Saptarshi Guha saptarshi.guha at gmail.com
Wed Apr 29 21:36:05 CEST 2009


Hello,
Yes, I was playing with EC2 and Rhipe last night. Just got permission
to increase my instances to 100!
The details (what I know)
RHIPE is based on Hadoop and R. Cloudera has a very easy to use AMI
for small and large (32/64bit) instances. It is easy enough to install
the cloudera AMI.
However It does not come with R.

Last night, I modified their scripts to yum install R (using yum we
get R-2.6) on each machine - as such this results in ~21MB downloads
on the machines[1], which is not expensive but is not the best way do
things.

Once booted, each machine installs R, Rserve and one machine (the
master) installs RHIPE.
I did it with 1 master and 1 tasktracker and RHIPE worked. I intend to
check with 30+ instances to see how things scale.

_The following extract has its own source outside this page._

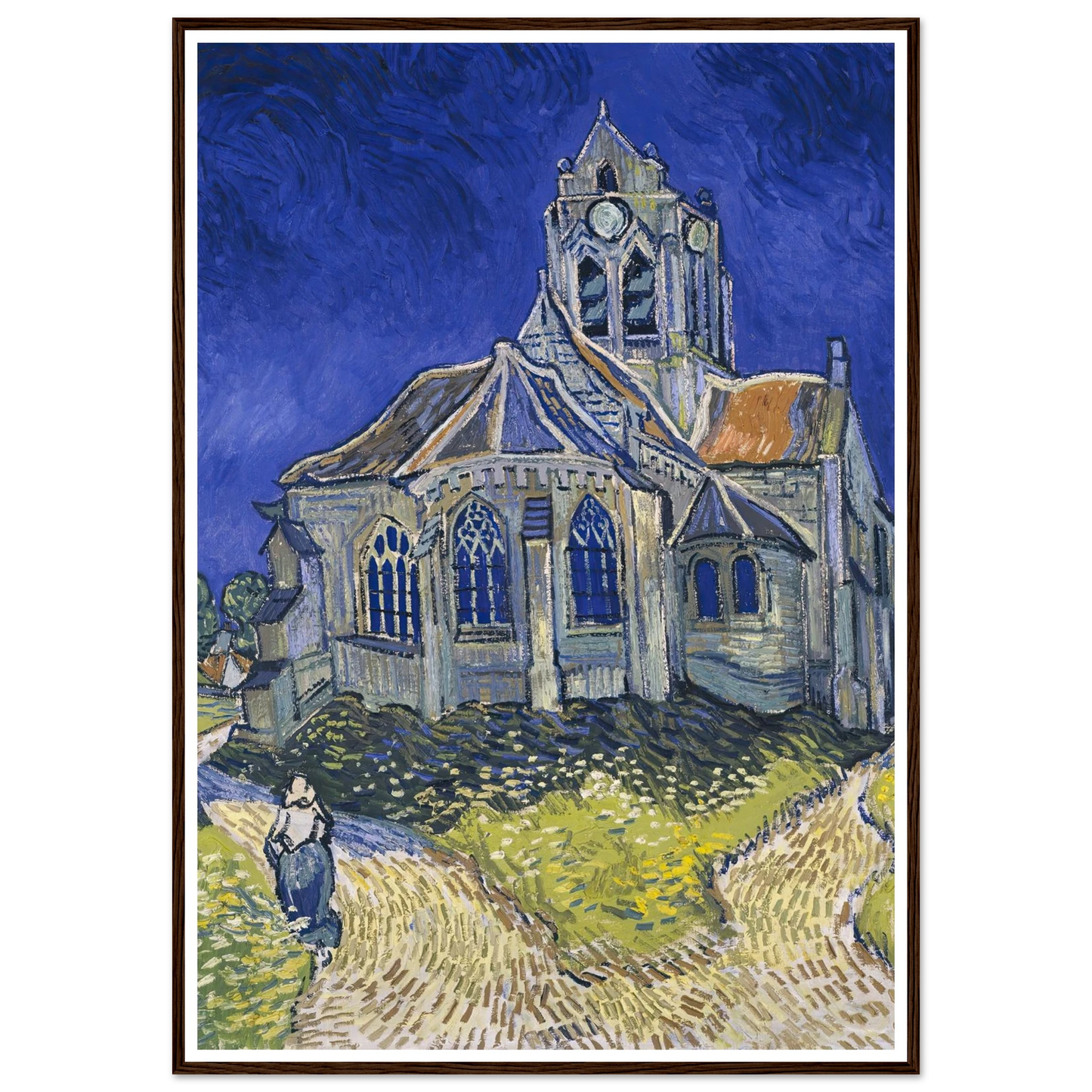 The Church in Auvers-sur-Oise, View from the Chevet (1890) Art Print | Vincent van Gogh-Quipham Collections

I have emailed cloudera asking them to bundle R with their Hadoop AMI
- so that users incur a minimal expense.

I will be placing EC2 instructions to use RHIPE shortly this week.
Given the reasonable cost of EC2, it would be a great way for users to
test out distributed computing with R. Maybe as part of the R
community we could host a linux AMI? Again, cost is the issue
here(rather not pay for users downloading things)

Regards
Saptarshi Guha
[1] Not quite sure how the AMI's work - if 10 AMIs belong to one
group, does EC2 boot up one and replicate the booted instance? If so,
then there is only one download, if not each machine downloads.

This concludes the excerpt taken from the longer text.